Senator says Steve Cohen’s casino not in the cards for Citi Field

Sen. Jessica Ramos introduced alternative legislation for Queens lot

Sen. Ramos Rejects Steve Cohen’s Citi Field Casino Plan
Senator Jessica Ramos and Steve Cohen with map of Metropark (Getty, Metropark)

Sen. Jessica Ramos is all for something being built at the parking lot next to Citi Field — just not a casino.

With a week left in the legislative session, Ramos introduced a bill Tuesday that would allow a hotel and convention center, as well as athletic fields, a parking facility, a revamped 7 train station, flood protection and other upgrades at the site. The measure would not, however, permit Steve Cohen’s vision for an $8 billion casino complex, dubbed Metropolitan Park. 

“We disagree on the premise that we have to accept a casino in our backyard as the trade-off,” Ramos said in a statement. “I resent the conditions and the generations of neglect that have made many of us so desperate that we would be willing to settle.”
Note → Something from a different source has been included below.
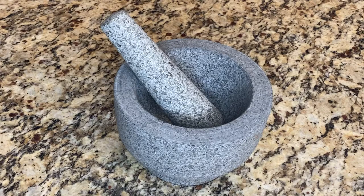Thanks for watching this video on how to season your mortar and pestle. Let me know if you have any questions in the comments below, and as always, like and subscribe to see more content.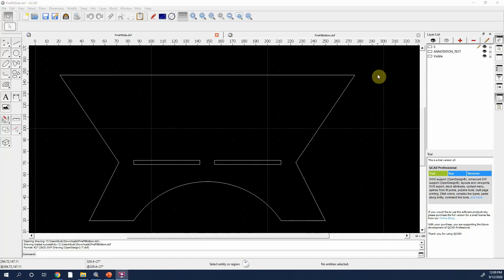Now if you wanted to make a large fire pit, you could use the exact same design and concept that I used and just scale it up. So if you're seeing this and thinking I don't have a CNC machine, hang tight because I can show you how to get these made without one.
The 50 acres of asphalt is technically parkland, so plans to transform it for another use require state approval. 

Cohen’s Point 72 Asset Management, which has 81 years left on its ground lease on the site, has said that it will not build anything without securing a casino license, maintaining that the gaming aspect is necessary to make the project financially feasible. 

On Tuesday, the Metropark team pointed to the extended timeline for the casino competition — applications are not due until 2025.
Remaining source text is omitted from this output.